_PROBLEM:_ Go through the entries below line by line and tally those holding "Hotel"; write only the tally.

_GIVEN RECORDS:_
::::::::::

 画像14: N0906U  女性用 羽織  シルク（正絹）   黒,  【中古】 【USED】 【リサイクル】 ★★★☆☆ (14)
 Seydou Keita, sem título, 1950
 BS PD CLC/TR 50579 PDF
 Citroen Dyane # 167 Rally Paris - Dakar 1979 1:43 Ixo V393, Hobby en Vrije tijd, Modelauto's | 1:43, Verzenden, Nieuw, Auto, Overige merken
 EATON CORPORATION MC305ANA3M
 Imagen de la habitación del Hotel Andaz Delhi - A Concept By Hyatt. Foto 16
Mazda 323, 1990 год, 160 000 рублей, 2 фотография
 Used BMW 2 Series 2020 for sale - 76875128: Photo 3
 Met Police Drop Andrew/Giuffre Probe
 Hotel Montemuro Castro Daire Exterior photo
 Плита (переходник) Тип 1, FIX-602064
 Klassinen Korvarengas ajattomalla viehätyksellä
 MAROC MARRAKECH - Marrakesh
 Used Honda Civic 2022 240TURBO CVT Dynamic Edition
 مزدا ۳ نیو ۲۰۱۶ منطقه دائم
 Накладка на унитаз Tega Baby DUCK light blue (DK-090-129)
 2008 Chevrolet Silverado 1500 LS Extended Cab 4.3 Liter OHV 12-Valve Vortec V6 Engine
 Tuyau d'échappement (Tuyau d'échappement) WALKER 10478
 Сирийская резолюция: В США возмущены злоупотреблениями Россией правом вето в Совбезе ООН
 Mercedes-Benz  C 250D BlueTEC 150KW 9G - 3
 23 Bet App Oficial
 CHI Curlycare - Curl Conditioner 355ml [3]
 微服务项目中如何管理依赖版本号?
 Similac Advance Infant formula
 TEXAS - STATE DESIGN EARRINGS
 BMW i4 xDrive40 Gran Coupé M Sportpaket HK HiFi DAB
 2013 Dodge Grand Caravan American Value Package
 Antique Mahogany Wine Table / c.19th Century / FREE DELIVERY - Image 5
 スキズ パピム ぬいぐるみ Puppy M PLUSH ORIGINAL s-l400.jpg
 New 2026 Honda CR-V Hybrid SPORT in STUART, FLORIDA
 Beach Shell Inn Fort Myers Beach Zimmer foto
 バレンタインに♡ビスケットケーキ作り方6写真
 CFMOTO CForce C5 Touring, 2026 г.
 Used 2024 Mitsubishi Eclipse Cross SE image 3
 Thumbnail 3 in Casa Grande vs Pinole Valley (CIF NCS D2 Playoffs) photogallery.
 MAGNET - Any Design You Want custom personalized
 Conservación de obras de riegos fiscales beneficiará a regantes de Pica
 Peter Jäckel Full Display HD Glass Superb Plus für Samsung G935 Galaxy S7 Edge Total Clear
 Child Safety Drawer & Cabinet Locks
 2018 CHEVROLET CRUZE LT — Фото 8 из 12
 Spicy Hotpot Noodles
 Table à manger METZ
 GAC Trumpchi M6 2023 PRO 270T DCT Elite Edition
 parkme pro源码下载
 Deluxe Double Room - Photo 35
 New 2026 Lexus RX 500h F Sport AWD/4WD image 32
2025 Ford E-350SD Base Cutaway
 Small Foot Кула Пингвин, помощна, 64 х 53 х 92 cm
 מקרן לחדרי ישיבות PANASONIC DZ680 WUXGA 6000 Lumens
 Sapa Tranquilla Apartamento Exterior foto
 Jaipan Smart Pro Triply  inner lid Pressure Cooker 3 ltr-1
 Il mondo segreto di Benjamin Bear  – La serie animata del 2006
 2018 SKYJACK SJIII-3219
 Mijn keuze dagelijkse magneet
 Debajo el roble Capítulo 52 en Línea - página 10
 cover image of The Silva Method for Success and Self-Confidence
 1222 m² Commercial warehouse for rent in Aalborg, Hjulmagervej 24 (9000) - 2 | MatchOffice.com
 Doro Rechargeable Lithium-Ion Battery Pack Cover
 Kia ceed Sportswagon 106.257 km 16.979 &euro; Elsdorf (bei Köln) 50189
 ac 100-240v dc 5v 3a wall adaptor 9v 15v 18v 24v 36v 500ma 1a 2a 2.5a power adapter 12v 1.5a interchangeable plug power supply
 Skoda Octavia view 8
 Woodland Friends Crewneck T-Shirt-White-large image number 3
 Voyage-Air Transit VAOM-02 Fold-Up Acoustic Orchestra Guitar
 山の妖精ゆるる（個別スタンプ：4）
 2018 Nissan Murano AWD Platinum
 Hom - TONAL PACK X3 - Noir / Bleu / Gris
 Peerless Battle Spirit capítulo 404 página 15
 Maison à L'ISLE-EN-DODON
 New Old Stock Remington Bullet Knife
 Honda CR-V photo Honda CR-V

::::::::::

_THE COMPLETED TASK:_ 2